En un tour de force qui offre une compréhension totalement nouvelle d'une question clé dans l'histoire moderne du Moyen-Orient, Efraim et Inari Karsh passent en revue les relations entre l'Europe et l'empire ottoman dans les dernières 150 années d'existence de ce dernier , et dans un processus de quasi renversement de l'interprétation historique courante. Selon cette interprétation, depuis aux alentours de l'époque de la Révolution française jusqu'à la Première Guerre mondiale, une Europe dynamique, arrogante, souveraine a imposé sa volonté à un Orient statique, humilié,passif. Ce cadre est commun à presque tous les historiens de premier plan, sans presque se soucier de l'époque ou de l'inclination politique.

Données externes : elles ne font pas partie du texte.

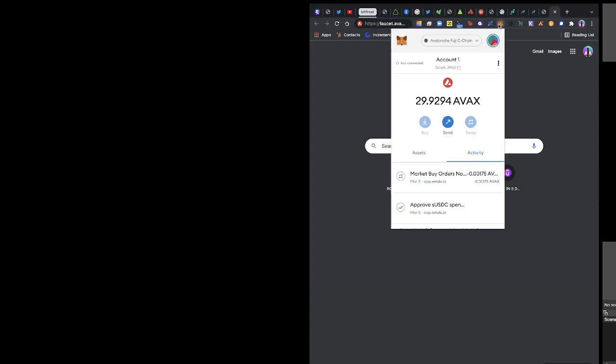Hi everyone, so this is another airdrop and it's on the AVAX network. You want to make sure that you are on Avalanche Fuji C-Chain, and you already know to have that you go to chainlist like I've always taught in previous videos.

Ainsi, dans la première moitié de ce siècle, quand l'histoire diplomatique était en vogue, la notion d'une Europe active et d'un Moyen-Orient passif était sous-jacente à toute étude de la «question d'Orient": ce vaste ensemble de questions internationales créées par la faiblesse de l'empire ottoman et sa dissolution progressive. Presque sans exception, les études sur ce sujet étaient centrées sur les décisions prises à Londres, Paris, Berlin, Vienne et Moscou - avec peu d'attention donnée à Istanbul, Le Caire et Téhéran, lieux qui servaient essentiellement comme arrière-plan pour l'action européenne. Dès le début de A Peace to End All Peace (une paix pour mettre fin à toutes les paix (1989), dans son excellente étude de l'impact de la Première Guerre mondiale sur le Moyen-Orient, David Fromkin rend ce point explicite: "les personnalités, les circonstances et les cultures politiques du Moyen-Orient », a t-il écrit, "ne figurent pas beaucoup dans le récit qui suit, sauf quand je suggère les contours et les dimensions de ce que les politiciens européens ignoraient quand ils ont pris leurs décisions."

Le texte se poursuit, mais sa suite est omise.